The consequence of this is that there is reduced code reuse. My BoomBox also plays music, but it's not a car. Inheriting the music-playing functionality from Car isn't possible.
What Swift encourages instead is that these large monolithic classes be broken down into a composition of smaller components. These components can then be more easily reused. Both Car and BoomBox can use MusicPlayer.
Swift offers multiple features to achieve this, but the most important by far are protocol extensions. They allow implementation of a protocol to exist separate of its implementing class, so that many classes may simply implement this protocol and instantly gain its functionality.
It surprised me that none of the answers mentioned value type in POP.
To understand what is protocol oriented programming, you need to understand what are drawbacks of objected oriented programming.
It (Objc) has only one inheritance. If we have very complicated hierarchy of inheritance, the bottom class may have a lot of unnecessary state to hold.
It uses class which is a reference type. Reference type may cause code unsafe. e.g. Processing collection of reference types while they are being modified.
While in protocol oriented programming in swift:
It can conform multiple protocols.
It can be used by not only class, but also structures and enumerations.
It has protocol extension which gives us common functionality to all types that conforms to a protocol.
It prefers to use value type instead of reference type. Have a look at the standard swift library here, you can find majority of types are structures which is value type. But this doesn't mean you don't use class at all, in some situation, you have to use class.
So protocol oriented programming is nothing but just an another programming paradigm that try to solve the OOP drawbacks.
In Objective C protocol is the same thing as interface in most languages. So in Objective C protocol's usage is limited to SOLID principle "Depend upon Abstractions. Do not depend upon concretions."
In Swift protocols were improved so seriously that since they still could be used as interfaces in fact they are closer to classes (like Abstract classes in C++)
In Objective C the only way to share functionality between classes is an inheritance. And you could inherit the only one parent class. In Swift you could also adopt as many protocols as you want. And since protocols in Swift can have default methods implementation they give us a fully-functional Multiple inheritance. More flexibility, better code reuse - awesome!
Conclusion:
Protocol Oriented Programming is mostly the same as OOP but it pays additional attention to functionality sharing not only via inheritance but also via protocol adoption (Composition over inheritance).
Worth to mention that in C++ abstract classes are very similar to protocols in Swift but no one says C++ supports some specific type of OOP. So in general POP is a one of the versions of OOP if we speak about programming paradigms. For Swift POP is an improved version of OOP.

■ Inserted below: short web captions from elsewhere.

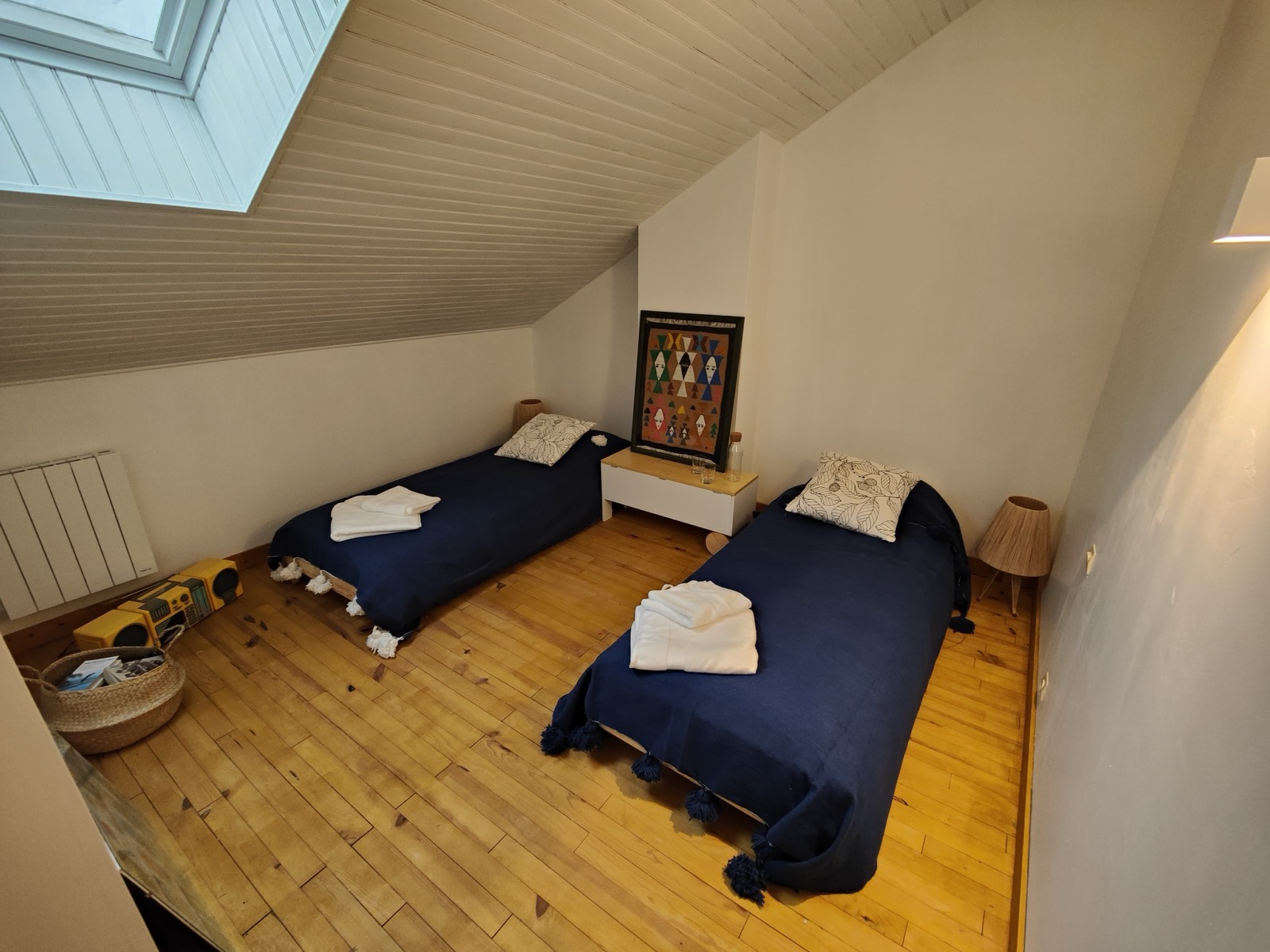 Bedroom with two navy twin beds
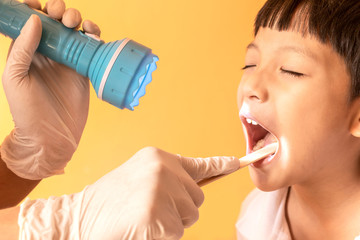 Close up doctor examining throat of patient with tongue depressor.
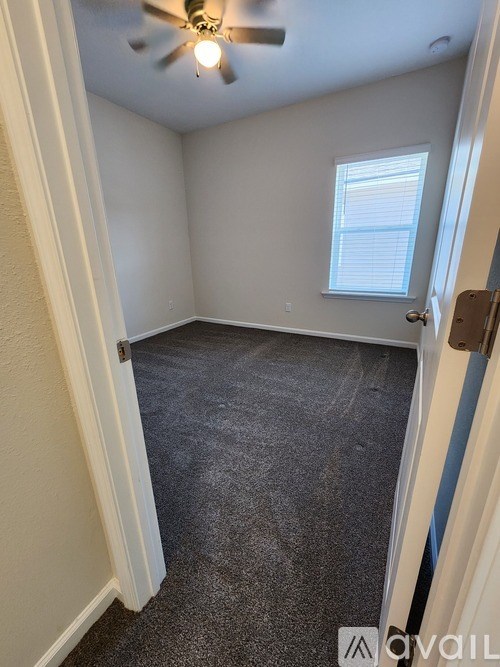 A room with a ceiling fan and a window.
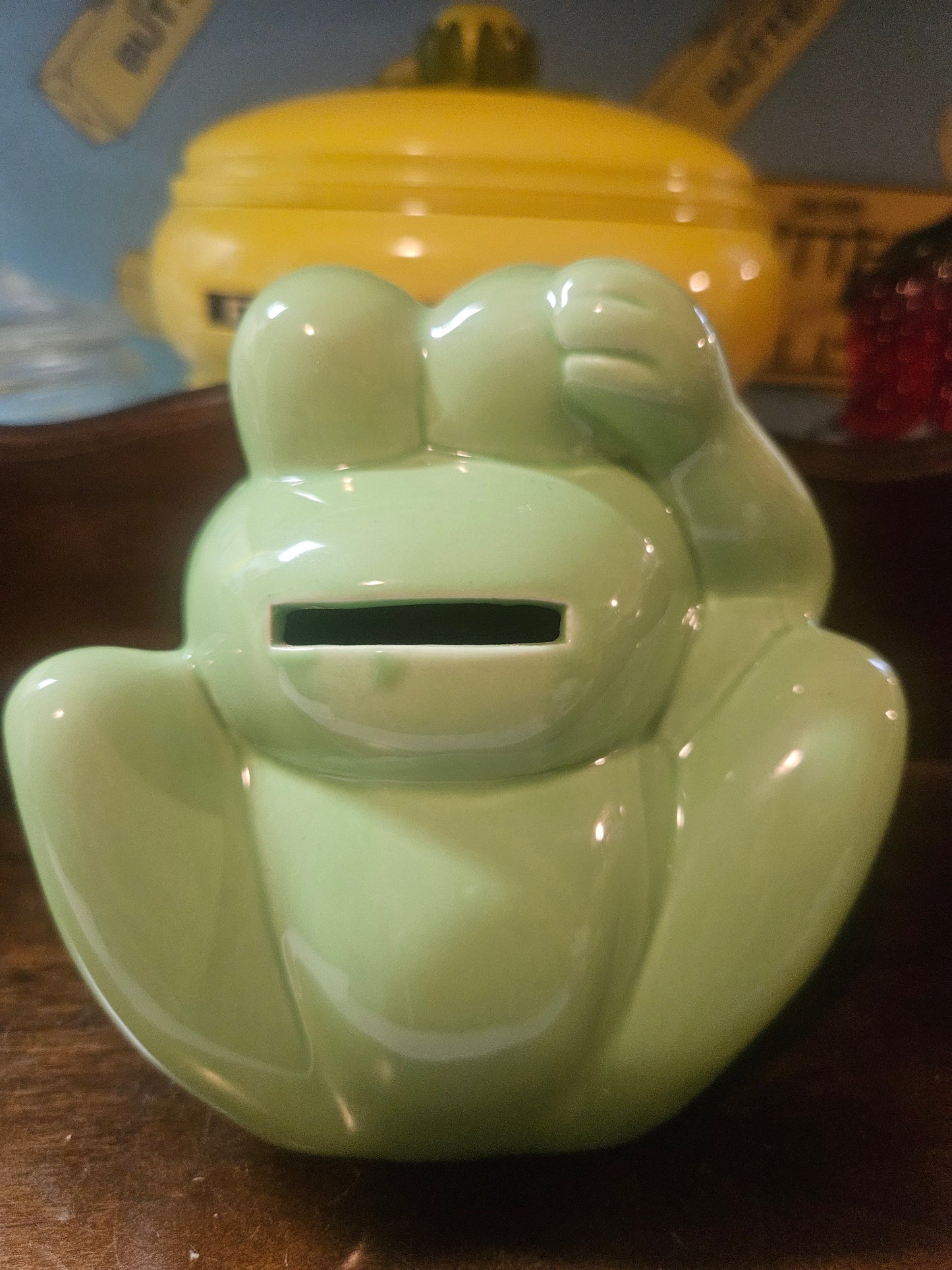 Back view showing coin slot on belly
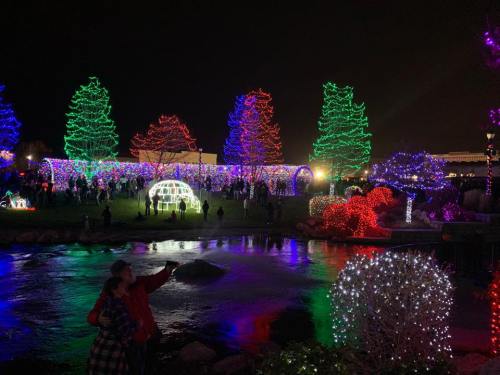 Colorful holiday lights illuminate trees and decorations around a pond, with people enjoying the festive atmosphere at night.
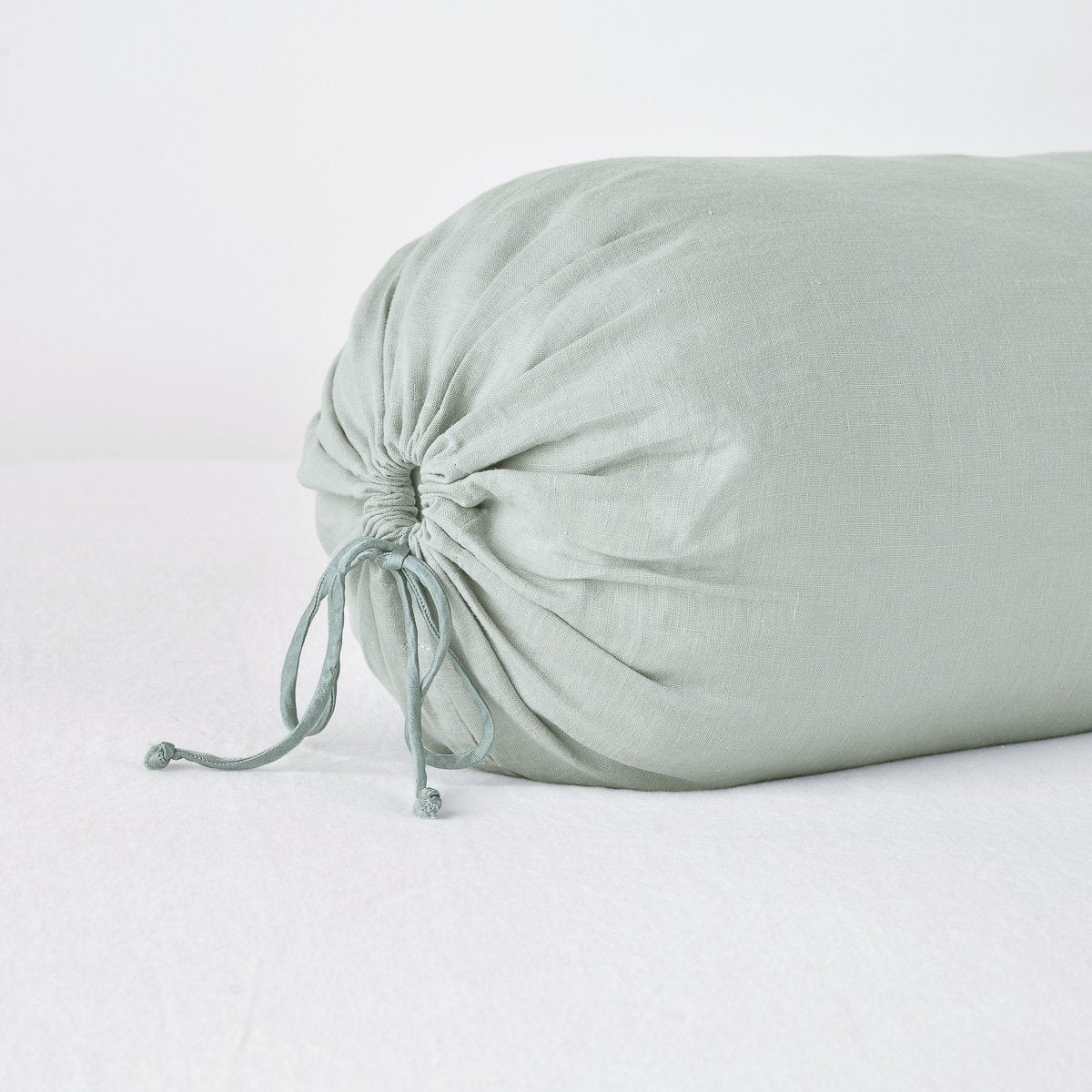 Close-up of Bella Notte Linen Throw Pillow drawstring end detail in Eucalyptus.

Adding to the above answer
Protocol is a interface in which signature of methods and properties are declared and any class/struct/enum subclassing the enum must have to obey the contract means they have to implement all the methods and properties declared in superclass protocol.
Reason to use Protocol
Classes provide single inheritance and struct doesn't support inheritance. Thus protocols was introduced.
Extension The methods declare inside the protocol can be implemented inside the extension to avoid the redundancy of the code in case protocol is being inherited in multiple class / struct having same method implementation. We can call the method by simply declaring the object of struct/enums. Even we can restrict the extension to a list of classes, only restricted class will be able to use the method implemented inside the extension while rest of the classes have to implement method inside own class.
Example
protocol validator{
var id : String{ get }
func capitialise()-> (String)
}
extension validator where Self : test{
func capitialise() -> String{
return id.capitalized
}
}
class test : validator {
var id: String
init(name:String) {
id = name
}
}
let t = test(name: "Ankit")
t.capitialise()
When to use In OOP suppose we have a vehicle base class which is inherited by the airplane, bike, car etc. Here break, acceleration may be common method among three subclass but not the flyable method of airplane. Thus if we are declaring flyable method also in OOP, the bike and car subclass also have the inherit flyable method which is of no use for those class. Thus in the POP we can declare two protocols one is for flyable objects and other is for break and acceleration methods. And flyable protocol can be restricted to use by only the airplane
Protocol Oriented Programming(POP)
protocol-first approach
Protocol as a key point of OOP concept. abstraction, inheritance, polymorphism, encapsulation.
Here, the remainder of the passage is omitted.